The printing of dollar, inflation and depreciation of currency is a very slow process and something that can be handled in the long run. The risk current situation poses is sudden devaluation or crash!!
The world is currently standing on thin ice which is melting with each passing day and everybody is wishing that it never reaches a situation when we go down under. The current crisis is sign of crack on the thin ice floor. If we all keep standing till the end we all will go down into great depression soon. As the cracks become big, grave panic would be created and one or few of the members would try to run to the safer place. And we should remember that goliath named China is also standing with us on the same thin ice and if he moves, due to its weight the ice floor will surely break. We have to make sure that we more to a safer place before the goliath begin his move.
(The thin ice here is Dollar based financial system where all major international trade is done in dollars including crude & petroleum products and major share of foreign exchange reserve is kept in dollar denominated securities. People standing are nations who are part of the international financial system and the cracks are the financial crisis. Going down under is Great Depression & the safer place is a world of neutral currency with no single currency hegemony).
China has more than trillion dollar of foreign currency reserve and most of them are parked in low interest paying dollar denominated securities of US institutions like Freddie & Fannie. Sooner than later China will realize that US government with its increasing nationalization of loses would not be in a position to return back these reserves. The only option for US govt is to print more currency to pay back China and others and that would create excess dollars in the world economy leading to collapse of the currency. China to reduce the loss would start moving out of dollar into other currencies or Gold. Or if it’s a fools and doesnot understand the risk of thin ice would force US government to increase the interest rate on these securities. Either ways, the US will be faced with increased financial crisis and the current financial system will collapse.
Again shift of oil trade to other currencies would reduce the demand for dollar required for oil trade and hence the currency will collapse.
Believing that not moving can save us all is foolhardy. One: sooner or later somebody will panic and run across the cracking thin ice floor. (in fact few countries have already started the move). Otherwise the foolhardy US financial management will ensure that the ice melts so much that the whole world goes down into great depression. USA is rooted in his own system and it can’t run.

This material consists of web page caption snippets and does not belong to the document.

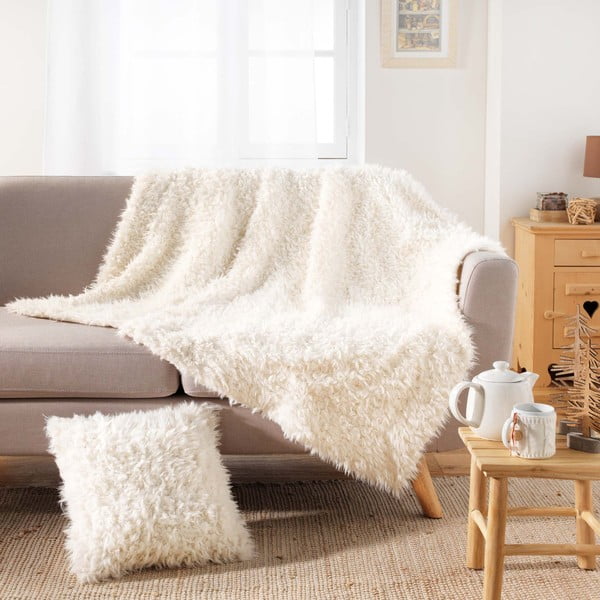 Dekoratīvais spilvens no mākslīgās kažokādas 45x45 cm Mouton – douceur d'intérieur-image-1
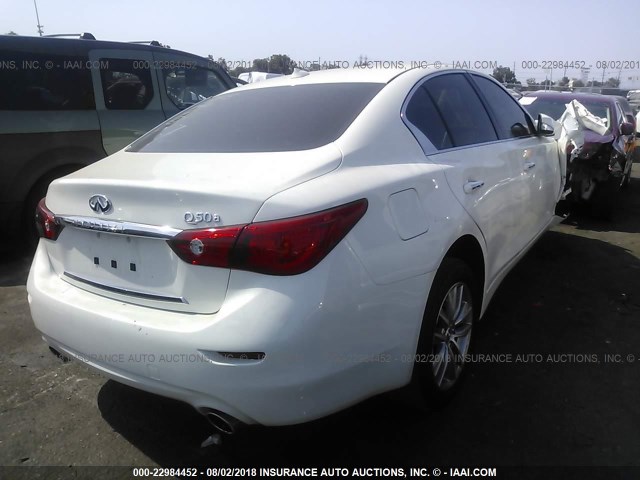 JN1BV7AP6FM359002 - 2015 INFINITI Q50 PREMIUM/SPORT WHITE photo 4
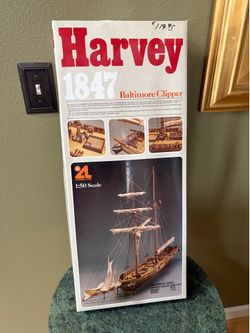 Artless is Latina Harvey 1847 Baltimore Clipper Wood Ship Model Made in Spain . Brand new in box .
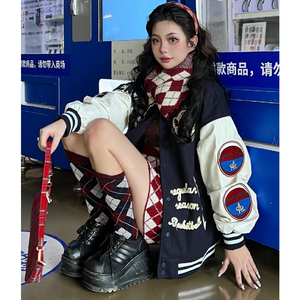 春藏蓝色vintage棒球服外套男女美式高街情侣款夹克102B-W9913P75图片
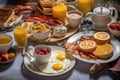 American breakfast food menu. AI generated. Royalty Free Stock Photo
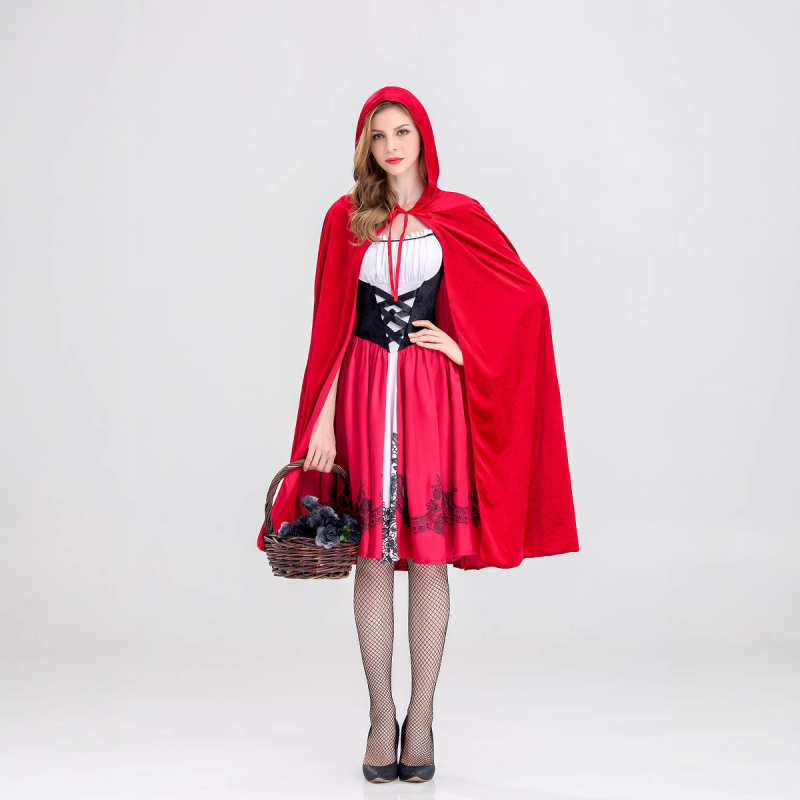 Cosplay kapuljača za Halloween – Kostim Crvenkapica, ženski kostim, pamuk-poliester smjesa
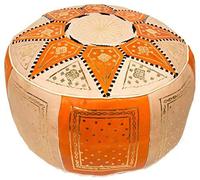 Pouf en cuir véritable fabriqué à la main par les meilleurs artisans de Fez. Vide pour le remplissage. Utile pour s'asseoir, repose-pieds ou décoration orientale.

Its time that we desert him otherwise we all will go down with him.
Its time the world decide to move to a world of neutral currencies where value is derived from demand and supply and no single country has enough power to govern the world financial system. The only thing that is stopping us all is the ‘fear of change’. In the long run, the new world would be better than the current one for all of us.
Sir, I hope as in 1991 you will be bold enough to drive the change rather than closing your eyes to the thinning ice hoping that we don’t go down under before the May elections.

Regards,
Neeraj Gutgutia


Sunday, September 14, 2008

“Distress Sale” is keeping Dollar Strong temporarily

The US financial companies are falling like bunch of cards, the economy is in recession, and import bill is rising still Dollar is becoming strong. What’s happening?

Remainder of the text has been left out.